Por esta razón es tan importante sacar a relucir también la parte más guerrera de “Screen Violence” y todo lo que se consigue lanzando un tema como “Final Girl”. Una propuesta poderosa que desarrolla una fiel defensa de la libertad, de no darse por vencida jamás y eliminar de una vez por todas la objetivación hacia la mujer. Que nunca más tengan que sentirse usadas como un simple objeto de deseo, darle una vuelta a esa idea de que todo gira en torno a las fantasías del hombre, revalorizar de una vez por todas la clásica figura de la “final girl” en el cine de terror cuyos sentimientos nunca llegaron a importar del todo (“And it feels like the weight is too much to carry I should quit, maybe go get married only time will tell. And I wonder if I should’ve changed my accent, tried to make myself more attractive, only time will tell”).

Una lucha que vuelve a descargar también muy bien en “Good Girls”, en ese gran himno destinado a romper contra los estereotipos, que saca a relucir con orgullo quién eres y fulmina cualquier hilo de toxicidad que se genere a tu alrededor (“They tell me I’m hell-bent on rеvenge, I cut my teeth on weakеr men, I won’t apologise again.
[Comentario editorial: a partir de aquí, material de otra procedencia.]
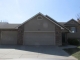 831 Surrey Ln Maize, KS 67101 - Image 11552810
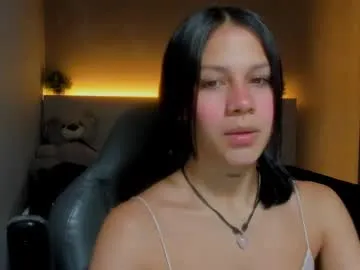 Blonde_sexy21 – webcam model profile photo Image 16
And I never had a taste for liars or the uniquely uninspired ’cause I don’t need to be desired”). Y es que está claro que hay que estar preparados para la batalla, hay que conseguir ser fuertes a nivel emocional y dejar de comernos la cabeza con el pasado. Necesitamos perdonarnos a nosotros mismos para liderar esa gran lucha contra todo lo que nos hace ser más pequeños sin merecerlo. Aunque, evidentemente, nos cueste tanto como narran en la claustrofóbica “Nightmares” y no nos tengamos que sentir culpables por ello. Aunque nos lo tengamos que repetir una y otra vez nada más levantarnos y mirarnos al espejo. (“Can I forgive if I forget all my mistakes and my regrets? If all of this is for the best? I’ve been singing that song again, another ballad that won’t make amends”)

Es bonito ver cómo “Screen Violence” ha situado a Chvrches en la industria de una forma muy diferente. A nivel artístico es un nuevo salto para un grupo que continuamente se tambaleaba al no encontrar un camino que les devolviera la ilusión y que muchas veces se han visto frente a un bloqueo que no terminaban de romper y que disfrazaban como podían.

Por otro lado, la voz de la banda se escucha cada vez más fuerte y segura. Esta era supone un golpe en la mesa a la hora de decir sin tapujos lo que les interesa y lo que no. Ya va siendo hora de reconocer que son historia de la música, de verles como la banda sólida que son (pocos grupos contemporáneos nos han regalado tantos hits en diez años). Ya no necesitan recurrir a ayudas externas para sentirse seguros con su música, tienen las cosas mucho más claras y quieren luchar por sus verdaderos intereses. Piensan dejar bien claro que no solo están aquí para hacer canciones bonitas y poner a bailar a todo el mundo.